When a change of Ministry occurs in England, no one would undertake to say exactly what share in that result is attributable to journalistic repetition and suggestion—to the cumulative impression wrought on the public mind, through weeks, months, and years, by the Conservative or the Liberal press. And he would be a bold man who presumed to say how little or how much the Old Comedy may have to do with the phenomena of oligarchic reaction in the latter part of the Peloponnesian War, or with the stimulation of all those sentiments which have their record in the death of Socrates. The confused travesty of Socrates in the _Clouds_ corresponds, in its general features, with the confused prepossessions of which he was afterwards the victim. In this case, as in others, Comedy was not the origin, but the organ, of a popular opinion. It did not create the prepossessions; but it strengthened them by the simple process of reflecting them in an exaggerated form.

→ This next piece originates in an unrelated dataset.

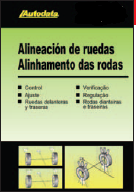 autodata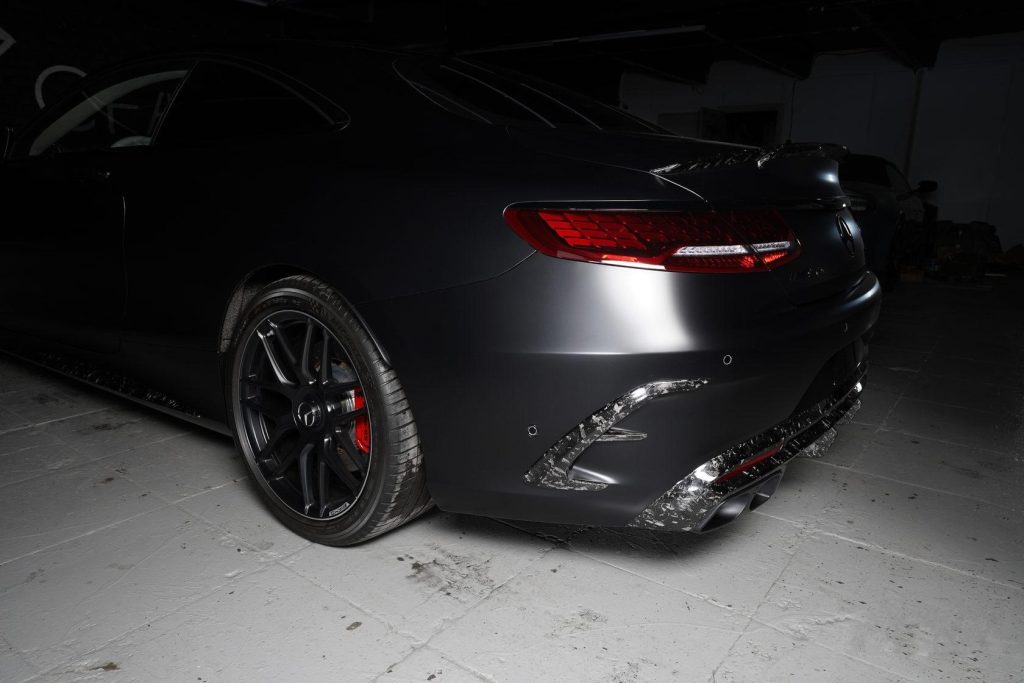 tild6636-6662-4265-a263-666465323533__dsc03163_2024-03-29_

Briefly, Aristophanic Comedy had many of the characteristics of vehement party journalism, but was directed either against persons, on the one hand, or against general principles and tendencies on the other—not against measures. Its most obvious strength lay in brilliant originality of form; but its political and social effect depended essentially on its representative value. It was the great ancient analogue of journalism which seems to lead opinion by skilfully mirroring it—unsparing in attack, masterly in all the sources of style, but careful, where positive propositions are concerned, to keep within the limits of safe and accepted generalities.